When listing with cxl list -Dv
, identify the id. Here the decoder0.0 corresponds to the id=24.
It corresponds to the bus number attached to a node.
From our previous qemu script, the bus_nr=24
corresponds to our numa_node=0
"decoders:root0":[
{
"decoder":"decoder0.0",
"size":4294967296,
"interleave_ways":1,
"max_available_extent":4294967296,
"pmem_capable":true,
"volatile_capable":true,
"accelmem_capable":true,
"nr_targets":1,
"targets":[
{
"target":"pci0000:18",
"alias":"ACPI0016:02",
"position":0,
"id":24
}
]
},
{
"decoder":"decoder0.1",
"size":4294967296,
"interleave_ways":1,
"max_available_extent":4294967296,
"pmem_capable":true,
"volatile_capable":true,
"accelmem_capable":true,
"nr_targets":1,
"targets":[
{
"target":"pci0000:20",
"alias":"ACPI0016:01",
"position":0,
"id":32
}
]
},
{
{
"decoder":"decoder0.2",
"size":536870912,
"interleave_ways":1,
"max_available_extent":536870912,
"pmem_capable":true,
"volatile_capable":true,
"accelmem_capable":true,
"nr_targets":1,
"targets":[
{
"target":"pci0000:28",
"alias":"ACPI0016:00",
"position":0,
"id":40
}
]
Lets select the id 24. It is attached to the decoder0.0. To identify which memory device is below that decoder, run cxl list -M
:
[
{
"memdev":"mem0",
"pmem_size":268435456,
"serial":0,
"numa_node":3,
"host":"0000:29:00.0"
},
{
"memdev":"mem1",
"ram_size":268435456,
"serial":0,
"numa_node":0,
"host":"0000:1b:00.0"
},
{
"memdev":"mem4",
"ram_size":268435456,
"serial":0,
"numa_node":0,
"host":"0000:1c:00.0"
},
{
"memdev":"mem3",
"ram_size":268435456,
"serial":0,
"numa_node":1,
"host":"0000:23:00.0"
},
{
"memdev":"mem2",
"ram_size":268435456,
"serial":0,
"numa_node":1,
"host":"0000:24:00.0"
}
]
We can see that in the numa_node 0, mem1 and mem4 are located.

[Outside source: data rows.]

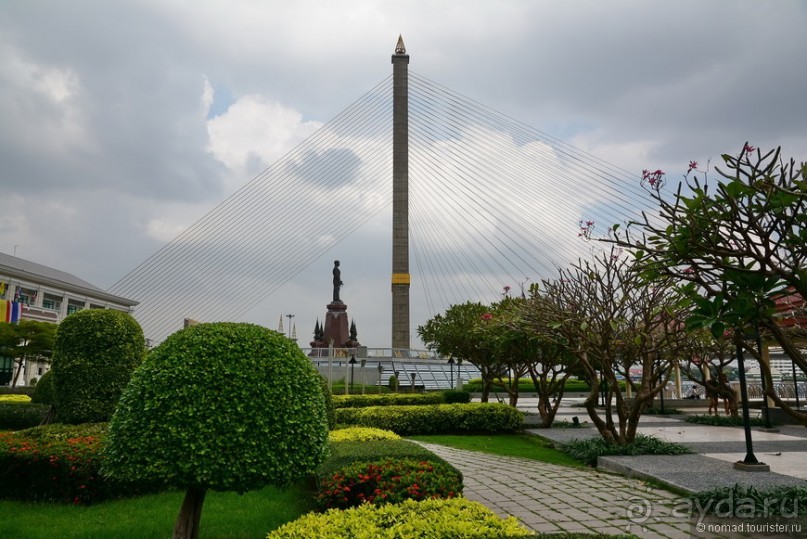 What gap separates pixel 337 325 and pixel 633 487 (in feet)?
140

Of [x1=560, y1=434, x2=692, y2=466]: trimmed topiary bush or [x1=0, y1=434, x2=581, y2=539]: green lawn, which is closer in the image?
[x1=0, y1=434, x2=581, y2=539]: green lawn

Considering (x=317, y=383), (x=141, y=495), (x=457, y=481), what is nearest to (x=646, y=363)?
(x=457, y=481)

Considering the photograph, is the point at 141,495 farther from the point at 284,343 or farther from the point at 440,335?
the point at 440,335

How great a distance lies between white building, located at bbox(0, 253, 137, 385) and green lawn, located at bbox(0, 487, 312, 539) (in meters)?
41.8

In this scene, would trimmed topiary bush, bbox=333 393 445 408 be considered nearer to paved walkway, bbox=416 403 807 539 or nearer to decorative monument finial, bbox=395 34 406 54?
paved walkway, bbox=416 403 807 539

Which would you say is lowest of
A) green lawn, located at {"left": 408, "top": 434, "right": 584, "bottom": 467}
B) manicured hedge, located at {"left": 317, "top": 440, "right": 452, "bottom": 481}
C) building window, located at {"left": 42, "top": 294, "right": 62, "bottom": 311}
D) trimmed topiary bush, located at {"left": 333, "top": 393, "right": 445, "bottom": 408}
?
green lawn, located at {"left": 408, "top": 434, "right": 584, "bottom": 467}

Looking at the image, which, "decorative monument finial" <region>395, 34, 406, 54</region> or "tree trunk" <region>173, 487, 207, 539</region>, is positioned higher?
"decorative monument finial" <region>395, 34, 406, 54</region>

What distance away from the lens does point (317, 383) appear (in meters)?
5.30

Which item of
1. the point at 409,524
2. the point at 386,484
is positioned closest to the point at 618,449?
the point at 386,484

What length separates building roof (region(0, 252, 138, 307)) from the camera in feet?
165

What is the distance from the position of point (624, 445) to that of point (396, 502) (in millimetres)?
6773

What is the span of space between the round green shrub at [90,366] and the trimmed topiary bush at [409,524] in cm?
646

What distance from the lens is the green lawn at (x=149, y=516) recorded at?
5.77m

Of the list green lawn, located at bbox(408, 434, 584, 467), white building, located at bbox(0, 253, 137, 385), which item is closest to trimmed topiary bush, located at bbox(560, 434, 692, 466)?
green lawn, located at bbox(408, 434, 584, 467) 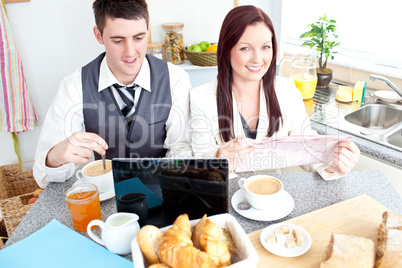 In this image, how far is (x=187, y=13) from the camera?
8.13ft

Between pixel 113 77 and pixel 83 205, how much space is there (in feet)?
2.60

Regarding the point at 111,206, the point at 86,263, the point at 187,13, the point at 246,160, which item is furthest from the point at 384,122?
the point at 86,263

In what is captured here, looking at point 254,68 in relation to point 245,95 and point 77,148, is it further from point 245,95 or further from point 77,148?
point 77,148

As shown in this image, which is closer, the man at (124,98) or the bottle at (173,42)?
the man at (124,98)

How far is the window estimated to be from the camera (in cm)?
225

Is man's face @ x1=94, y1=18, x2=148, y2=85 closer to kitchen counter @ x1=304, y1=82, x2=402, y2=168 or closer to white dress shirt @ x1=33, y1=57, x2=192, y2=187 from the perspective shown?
white dress shirt @ x1=33, y1=57, x2=192, y2=187

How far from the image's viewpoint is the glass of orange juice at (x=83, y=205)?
38.4 inches

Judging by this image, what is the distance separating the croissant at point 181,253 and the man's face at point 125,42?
1.02 metres

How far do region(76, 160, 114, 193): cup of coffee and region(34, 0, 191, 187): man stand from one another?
232mm

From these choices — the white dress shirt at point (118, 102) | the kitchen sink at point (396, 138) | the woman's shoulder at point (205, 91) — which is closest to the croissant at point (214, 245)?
the white dress shirt at point (118, 102)

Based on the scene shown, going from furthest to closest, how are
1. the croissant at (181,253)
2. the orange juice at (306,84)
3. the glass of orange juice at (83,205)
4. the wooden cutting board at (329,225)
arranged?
the orange juice at (306,84) < the glass of orange juice at (83,205) < the wooden cutting board at (329,225) < the croissant at (181,253)

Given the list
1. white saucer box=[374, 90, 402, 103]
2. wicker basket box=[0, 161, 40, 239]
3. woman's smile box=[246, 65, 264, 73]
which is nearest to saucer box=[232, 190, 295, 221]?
woman's smile box=[246, 65, 264, 73]

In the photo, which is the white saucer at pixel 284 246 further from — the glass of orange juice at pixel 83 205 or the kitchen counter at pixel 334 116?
the kitchen counter at pixel 334 116

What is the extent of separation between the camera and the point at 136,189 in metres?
0.93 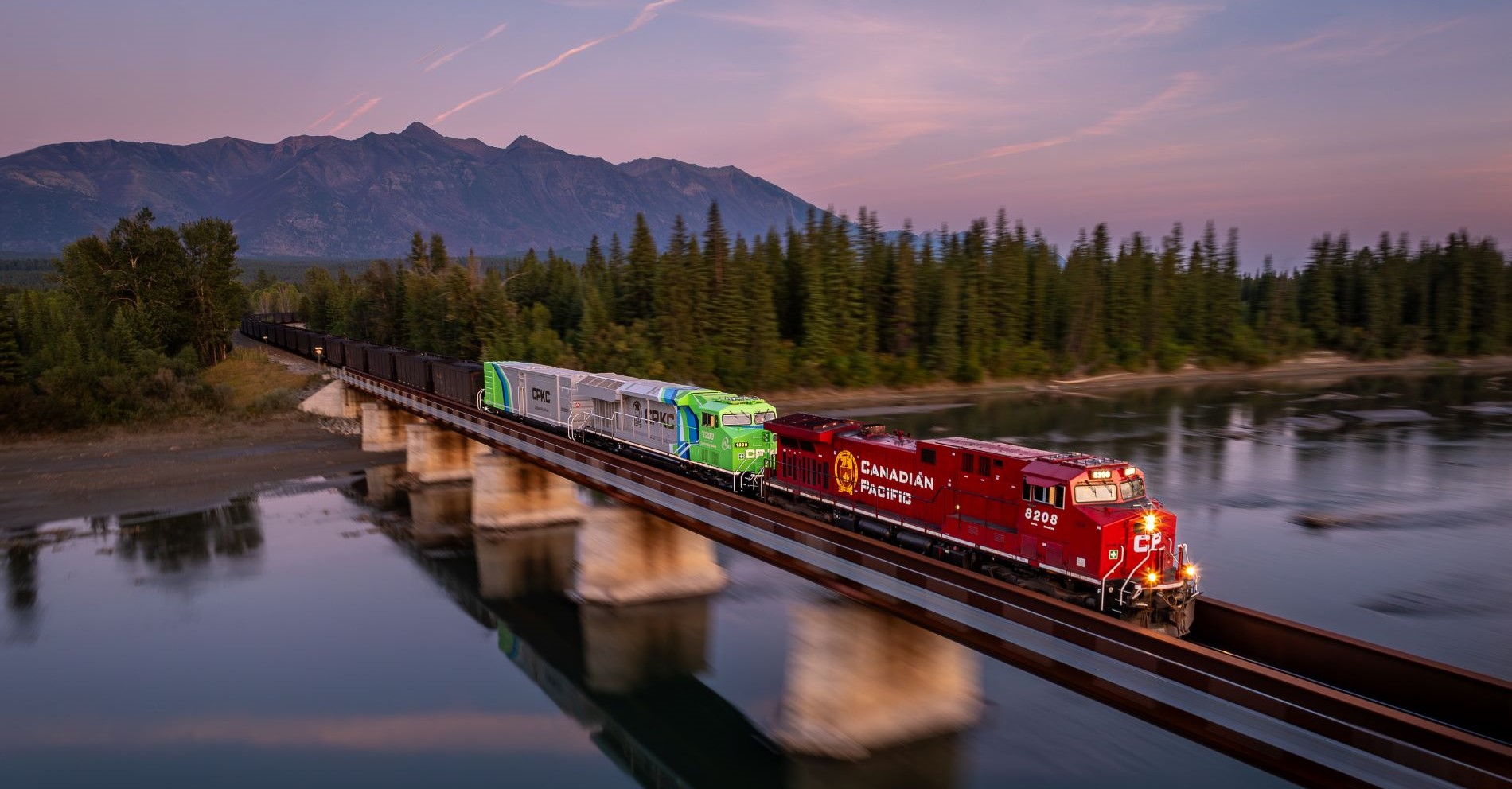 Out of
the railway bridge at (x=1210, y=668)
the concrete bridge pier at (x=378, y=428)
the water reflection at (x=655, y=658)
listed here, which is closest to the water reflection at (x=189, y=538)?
the water reflection at (x=655, y=658)

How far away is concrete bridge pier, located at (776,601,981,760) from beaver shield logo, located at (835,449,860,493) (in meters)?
7.28

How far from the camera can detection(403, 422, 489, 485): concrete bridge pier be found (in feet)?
189

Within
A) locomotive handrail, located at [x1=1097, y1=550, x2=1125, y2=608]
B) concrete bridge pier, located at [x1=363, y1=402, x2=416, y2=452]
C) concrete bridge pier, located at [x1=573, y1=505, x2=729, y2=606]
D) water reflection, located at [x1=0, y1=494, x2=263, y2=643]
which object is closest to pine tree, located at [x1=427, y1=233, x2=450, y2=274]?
concrete bridge pier, located at [x1=363, y1=402, x2=416, y2=452]

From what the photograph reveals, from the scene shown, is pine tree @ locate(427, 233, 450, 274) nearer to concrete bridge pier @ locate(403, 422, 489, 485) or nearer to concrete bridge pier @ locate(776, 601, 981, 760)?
concrete bridge pier @ locate(403, 422, 489, 485)

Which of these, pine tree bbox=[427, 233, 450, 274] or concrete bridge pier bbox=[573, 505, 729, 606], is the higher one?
pine tree bbox=[427, 233, 450, 274]

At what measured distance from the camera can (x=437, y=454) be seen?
57656 mm

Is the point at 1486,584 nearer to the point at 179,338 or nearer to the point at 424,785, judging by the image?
the point at 424,785

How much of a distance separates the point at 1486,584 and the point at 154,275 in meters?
115

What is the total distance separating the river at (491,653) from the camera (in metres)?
24.0

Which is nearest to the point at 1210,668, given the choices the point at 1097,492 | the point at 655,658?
the point at 1097,492

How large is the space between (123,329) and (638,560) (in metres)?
75.9

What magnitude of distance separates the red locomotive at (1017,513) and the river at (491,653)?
3.79 metres

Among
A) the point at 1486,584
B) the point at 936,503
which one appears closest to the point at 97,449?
the point at 936,503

So we can run: sudo cxl create-region -m -t ram -d decoder0.0 -w2 mem4 mem1
without doubt whether it is the right decoder with the rights memory devices.
Then we finalize the configuration with one way interleaving:
sudo cxl create-region -m -t ram -d decoder0.1 -w1 mem3
sudo cxl create-region -m -t ram -d decoder0.1 -w1 mem2
The region with persistent memory:
sudo cxl create-region -m -t pmem -d decoder0.2 mem0
sudo ndctl create-namespace -t pmem -m devdax -r region2 -f
And finally online all devices:
sudo daxctl online-memory all
sudo daxctl reconfigure-device -m system-ram dax2.0 --force
We oberved error messages like: failed to create namespace: No space left on device
after running the namespace creation. To encounter this issue, erase files declared in the mem-path argument (usually /tmp/ ) of your qemu script, reboot the vm.